I have Hornady, Sierra, Nosler and Berger hunting bullets that I have done load development on. What I have found is the bearing surface seems to have more affect on velocity than weight of the bullets. In the past I have weight sorted, bearing surface (BS) measurements and weight sorted, and now just sort by BS. Normally the BS measurement will have a small weight variance of .01 or maybe .02 grains. A box of 100 bullets may have 3 or 4 different BS lengths with the heavier bullets having longer ogive lengths and lighter bullets being shorter. For the weights listed above, I would measure the ogive length of the lightest (174.8) and the heaviest (175.3) and load seperate groups in this fashion. Out of the 11 bullets in these 2 groups, find the largest BS difference and load up 4 and shoot for groups at 200 yards or more. Then find the least difference in BS and load up 4 and shoot. The other 3 bullets I would use as foulers. These will be the extremes and if any difference in groups sizes is found, you will know more about QC with the brand you purchased.
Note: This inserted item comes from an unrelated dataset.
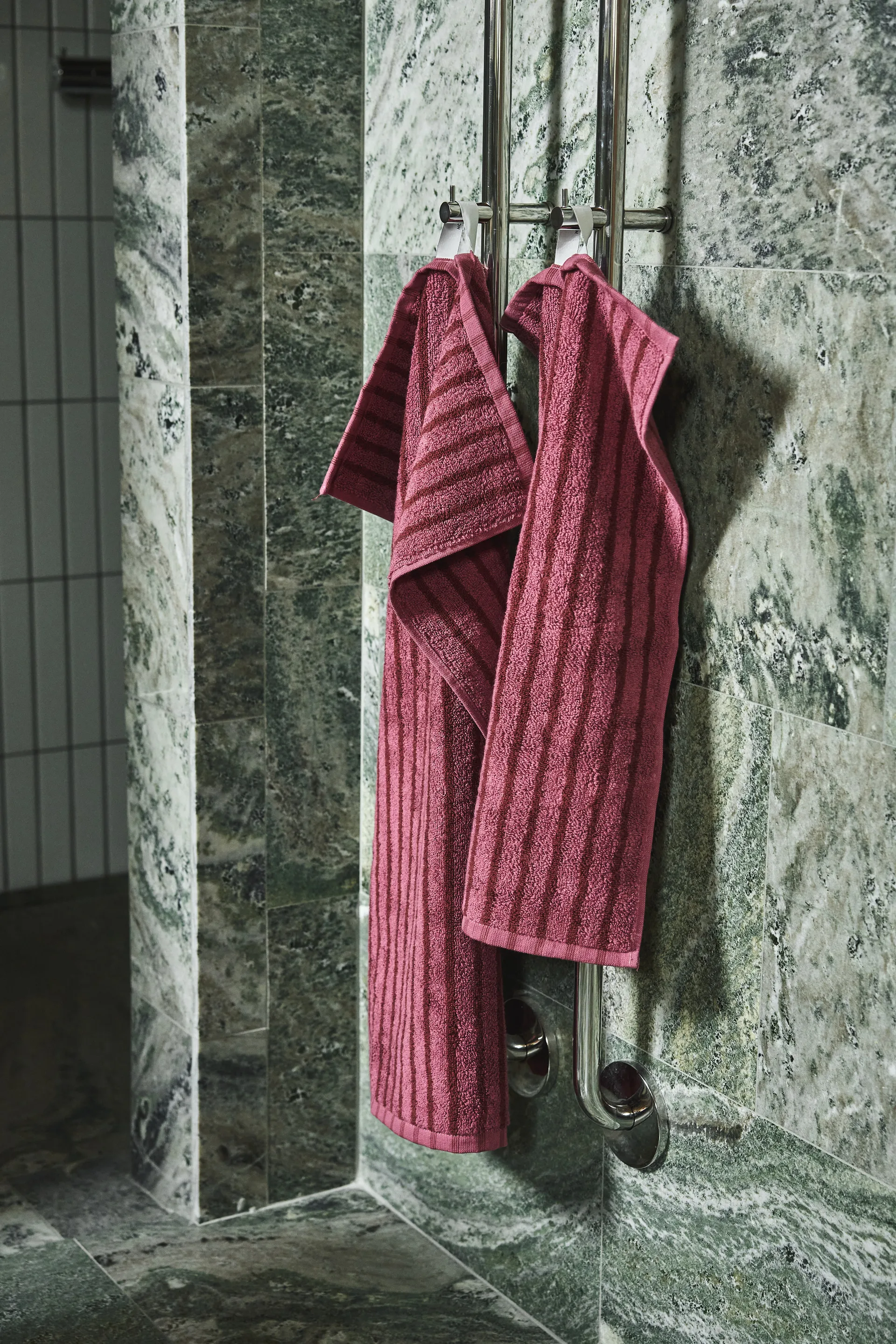 Drift håndklesett 4 deler - Rosa-rød,  Scandi Living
Normally, I cule the lightest and heaviest from the group and use as foulers. The rest will be stored by BS and loaded. Shoot a group with the 175.0 bullets and compare the three extremes (no BS Variance, low V and high V). If you shoot over a chrono, you should see different ES #'s as well. I also noticed the ogive length of the loaded rounds became a lot more consistant when sorting by BS

Disclaimer: This was done after a powder, bullet, primer and seating depth was fine tuned and had plenty of targets with data written on the targets to compare. Brass prep - All brass was prepped to be as consistant as I could get as to weight, length, necks turned, annealed, primer pockets and measurement to datum line. To be consistant, shoot round 1 from group 1 on target #1. Shoot round 1 from group 2 on target #2 and so on.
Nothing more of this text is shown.